[Task item] Where the listing below reaches the line containing "在 Windows 7、Ubuntu", start writing out lines exactly, and stop once the line containing "I Just Really" has been written.
[Start of Attachment]
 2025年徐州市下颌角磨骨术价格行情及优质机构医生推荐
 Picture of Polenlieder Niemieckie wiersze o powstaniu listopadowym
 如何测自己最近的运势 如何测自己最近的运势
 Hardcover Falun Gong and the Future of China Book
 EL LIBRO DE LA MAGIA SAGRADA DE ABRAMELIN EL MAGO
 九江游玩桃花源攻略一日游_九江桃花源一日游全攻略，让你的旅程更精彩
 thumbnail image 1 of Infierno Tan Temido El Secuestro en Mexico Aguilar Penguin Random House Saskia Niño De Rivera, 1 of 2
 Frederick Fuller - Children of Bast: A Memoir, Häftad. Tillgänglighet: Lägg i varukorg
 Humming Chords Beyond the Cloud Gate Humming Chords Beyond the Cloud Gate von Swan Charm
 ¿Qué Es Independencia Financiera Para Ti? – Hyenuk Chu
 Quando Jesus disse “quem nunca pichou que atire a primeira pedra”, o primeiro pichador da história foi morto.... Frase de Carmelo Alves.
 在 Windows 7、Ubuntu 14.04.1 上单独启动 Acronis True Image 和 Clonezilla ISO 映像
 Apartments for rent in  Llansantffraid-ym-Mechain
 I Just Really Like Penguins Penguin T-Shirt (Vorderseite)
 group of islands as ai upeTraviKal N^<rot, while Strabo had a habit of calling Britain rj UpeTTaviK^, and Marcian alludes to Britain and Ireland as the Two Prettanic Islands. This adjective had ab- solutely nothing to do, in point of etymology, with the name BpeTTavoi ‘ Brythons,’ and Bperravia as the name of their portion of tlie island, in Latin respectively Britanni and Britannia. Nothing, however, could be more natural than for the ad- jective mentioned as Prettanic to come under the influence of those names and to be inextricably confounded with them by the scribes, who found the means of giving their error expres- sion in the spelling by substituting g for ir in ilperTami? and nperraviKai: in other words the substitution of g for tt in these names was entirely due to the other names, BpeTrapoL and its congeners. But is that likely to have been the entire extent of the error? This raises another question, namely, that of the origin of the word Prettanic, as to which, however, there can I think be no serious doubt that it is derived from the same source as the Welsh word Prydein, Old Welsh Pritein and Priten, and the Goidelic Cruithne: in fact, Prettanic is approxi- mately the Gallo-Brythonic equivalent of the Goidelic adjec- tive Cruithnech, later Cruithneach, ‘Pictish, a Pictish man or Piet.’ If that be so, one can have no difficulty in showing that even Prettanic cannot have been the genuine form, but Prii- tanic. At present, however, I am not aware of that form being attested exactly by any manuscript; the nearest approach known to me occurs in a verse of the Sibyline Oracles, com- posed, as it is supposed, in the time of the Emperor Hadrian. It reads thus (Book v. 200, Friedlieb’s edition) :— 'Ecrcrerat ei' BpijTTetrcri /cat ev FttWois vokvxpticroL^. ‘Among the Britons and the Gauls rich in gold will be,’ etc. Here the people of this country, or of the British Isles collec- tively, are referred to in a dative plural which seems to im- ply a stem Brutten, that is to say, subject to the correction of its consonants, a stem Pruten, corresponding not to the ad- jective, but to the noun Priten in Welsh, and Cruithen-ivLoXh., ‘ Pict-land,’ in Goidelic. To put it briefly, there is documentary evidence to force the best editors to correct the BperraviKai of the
[End of Attachment]
[Answer for the task]
 在 Windows 7、Ubuntu 14.04.1 上单独启动 Acronis True Image 和 Clonezilla ISO 映像
 Apartments for rent in  Llansantffraid-ym-Mechain
 I Just Really Like Penguins Penguin T-Shirt (Vorderseite)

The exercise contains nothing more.